## Task requirements
Repeat the data that follows verbatim. Images are not part of the copy.

## Material provided
---*---

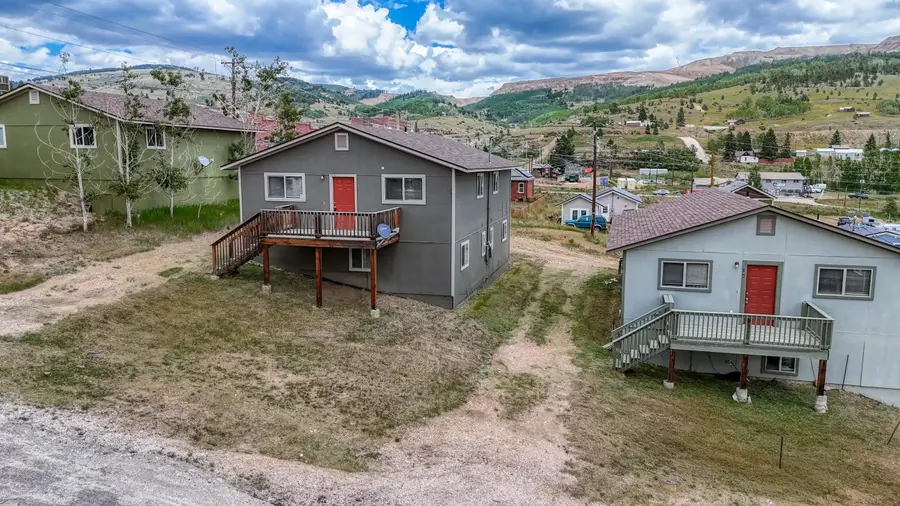 302 S 1st Street, Cripple Creek, CO 80813 - #2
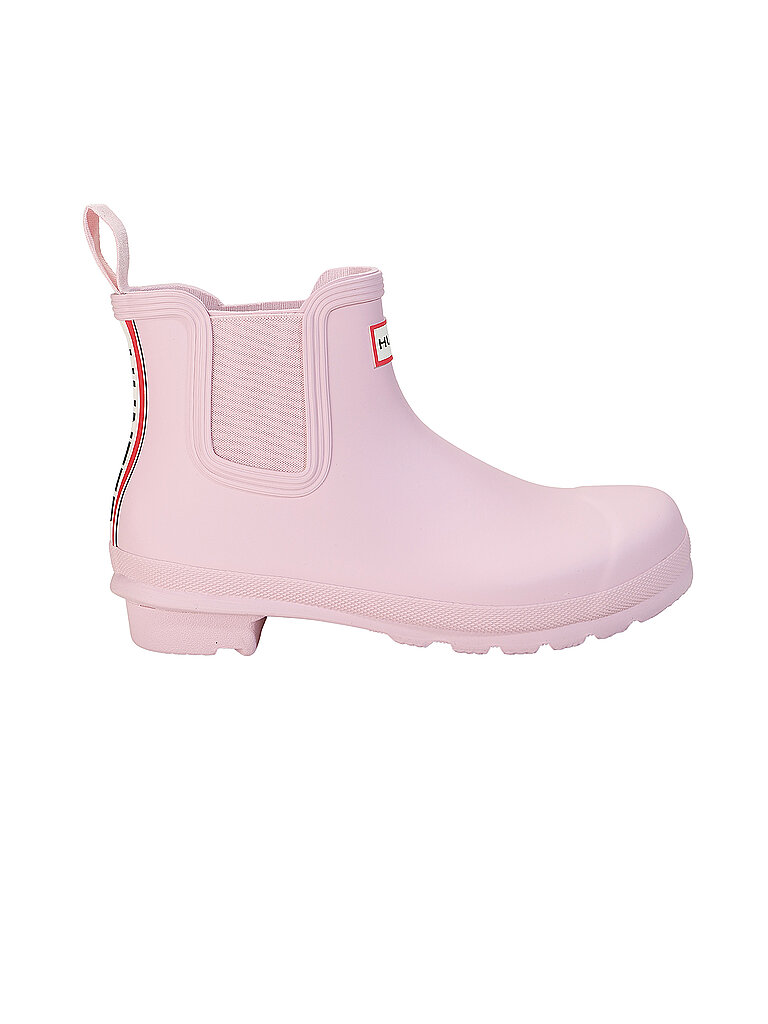 HUNTER BOOT Gummistiefel - Chelsea Boot rosa | 38 HUNTER BOOT Gummistiefel - Chelsea Boot rosa | 38 von HUNTER BOOT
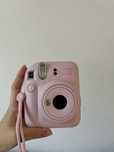 Instax 12 mini.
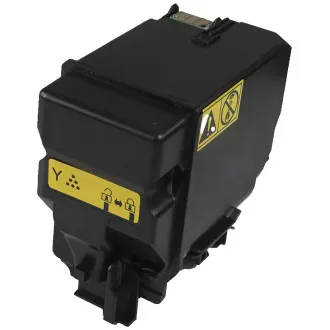 KONICA MINOLTA TNP-48 (A5X0250) - Toner TonerPartner PREMIUM, yellow (żółty)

---*---

## Solution to this exercise
 302 S 1st Street, Cripple Creek, CO 80813 - #2
 HUNTER BOOT Gummistiefel - Chelsea Boot rosa | 38 HUNTER BOOT Gummistiefel - Chelsea Boot rosa | 38 von HUNTER BOOT
 Instax 12 mini.
 KONICA MINOLTA TNP-48 (A5X0250) - Toner TonerPartner PREMIUM, yellow (żółty)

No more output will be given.